Türkiye’deki üniversite kütüphanelerinin durumunun, kütüphaneleri oluşturan farklı unsurlar incelenerek ortaya konabileceğini söyleyen Sami Çukadar, bu unsurların bina, personel, koleksiyon, kullanıcı ve bütçeden oluştuğunu belirtiyor. Üniversite kütüphanelerinin amaca uygun hizmet verebilmesinin, kütüphane binalarının, kullanıcıların gereksinimlerini karşılayacak şekilde yapılmasına bağlı olduğunu dile getiren Çukadar, konuyla ilgili şunları söylüyor: “Kütüphane binaları yapılırken ideal nem, sıcaklık ve ses düzeyi standartları göz önünde bulundurulmalı. Kütüphane çalışanları, üniversitelerin ‘Bilgi ve Belge Yönetimi’ bölümlerinden mezun, alanında yetkin olmalı, bilgi teknolojilerini kullanabilmeli, yeni ortaya çıkan teknolojileri takip edebilmeli ve kendisini ortaya çıkan yeni teknolojilere adapte edebilmelidir. Üniversite kütüphaneleri kullanıcılarının gereksinim duyduğu her türlü bilgi kaynağını sağlamak zorundadır. Günümüzde kütüphane koleksiyonları her türlü yazılı, basılı ve elektronik ortamda yaratılmış kaynaklardan oluşuyor. Kütüphane koleksiyonları oluşturulurken çok bilinçli bir seçim yapılmalı. Kütüphanelerin ihtiyaç duyduğu koleksiyonları oluşturabilmesi için iyi bir bütçeye sahip olması gerekiyor. Maalesef var olan duruma bakıldığında Türkiye’de üniversite kütüphanelerine ayrılan bütçenin, kütüphanelerin içinde bulunduğu şartlar ve verdikleri hizmet değerlendirildiğinde yetersiz olduğu görülüyor.

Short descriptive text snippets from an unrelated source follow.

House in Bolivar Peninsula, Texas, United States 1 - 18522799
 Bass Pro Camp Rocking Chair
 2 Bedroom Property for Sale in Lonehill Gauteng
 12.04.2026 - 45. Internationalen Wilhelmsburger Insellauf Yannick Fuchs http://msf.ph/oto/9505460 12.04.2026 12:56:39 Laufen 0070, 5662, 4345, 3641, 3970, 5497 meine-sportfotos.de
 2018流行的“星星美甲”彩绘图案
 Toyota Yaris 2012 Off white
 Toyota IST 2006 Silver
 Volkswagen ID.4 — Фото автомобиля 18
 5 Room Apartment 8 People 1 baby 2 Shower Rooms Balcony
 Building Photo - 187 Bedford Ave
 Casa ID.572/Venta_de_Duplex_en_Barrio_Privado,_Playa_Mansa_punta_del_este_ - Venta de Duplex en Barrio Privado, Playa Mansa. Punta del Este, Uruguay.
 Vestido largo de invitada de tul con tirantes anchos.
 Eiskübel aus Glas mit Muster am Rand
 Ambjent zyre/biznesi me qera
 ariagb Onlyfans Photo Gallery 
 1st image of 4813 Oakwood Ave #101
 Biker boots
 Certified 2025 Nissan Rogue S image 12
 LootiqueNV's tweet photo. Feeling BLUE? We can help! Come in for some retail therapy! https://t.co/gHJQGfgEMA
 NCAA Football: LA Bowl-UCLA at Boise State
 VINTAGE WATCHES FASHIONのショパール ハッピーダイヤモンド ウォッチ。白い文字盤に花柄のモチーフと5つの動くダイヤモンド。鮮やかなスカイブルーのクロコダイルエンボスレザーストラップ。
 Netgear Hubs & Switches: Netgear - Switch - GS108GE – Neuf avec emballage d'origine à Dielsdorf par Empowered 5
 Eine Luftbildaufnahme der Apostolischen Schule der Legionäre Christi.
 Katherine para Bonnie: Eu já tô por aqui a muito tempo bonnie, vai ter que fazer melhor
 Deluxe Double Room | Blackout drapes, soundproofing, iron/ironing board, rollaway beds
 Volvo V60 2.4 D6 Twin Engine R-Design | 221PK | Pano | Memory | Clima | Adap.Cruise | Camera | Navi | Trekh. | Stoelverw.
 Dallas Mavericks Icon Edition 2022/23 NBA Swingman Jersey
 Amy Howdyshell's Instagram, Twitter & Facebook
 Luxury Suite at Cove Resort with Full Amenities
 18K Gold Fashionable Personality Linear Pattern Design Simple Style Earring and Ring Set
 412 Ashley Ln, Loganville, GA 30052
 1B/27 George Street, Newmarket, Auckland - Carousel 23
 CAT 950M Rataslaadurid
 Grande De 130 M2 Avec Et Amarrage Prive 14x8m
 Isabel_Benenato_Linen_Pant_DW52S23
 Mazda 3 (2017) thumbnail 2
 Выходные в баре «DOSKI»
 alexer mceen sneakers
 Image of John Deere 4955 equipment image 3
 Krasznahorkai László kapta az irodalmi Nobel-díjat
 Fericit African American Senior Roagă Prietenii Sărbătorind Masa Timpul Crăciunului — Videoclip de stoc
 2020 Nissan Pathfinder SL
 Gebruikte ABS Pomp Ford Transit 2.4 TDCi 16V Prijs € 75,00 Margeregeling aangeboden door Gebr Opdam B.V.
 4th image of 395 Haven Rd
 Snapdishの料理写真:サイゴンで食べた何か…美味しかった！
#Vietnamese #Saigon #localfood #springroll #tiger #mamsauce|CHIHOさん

Bilgi kütüphanesi olarak bütün çalışanlarımızı “Bilgi ve Belge Yönetimi” bölümü mezunlarından seçiyor ve kendilerini geliştirmeleri konusunda her türlü desteği veriyoruz. Yüksek lisans yapmalarına destek oluyoruz. Ayrıca Erasmus Personel Hareketliliği programı kapsamında personelimizi yurtdışındaki kütüphanelere gönderiyoruz. Kullanıcılarımızın gereksinim duyduğu her türlü bilgi kaynağını sağlıyoruz.”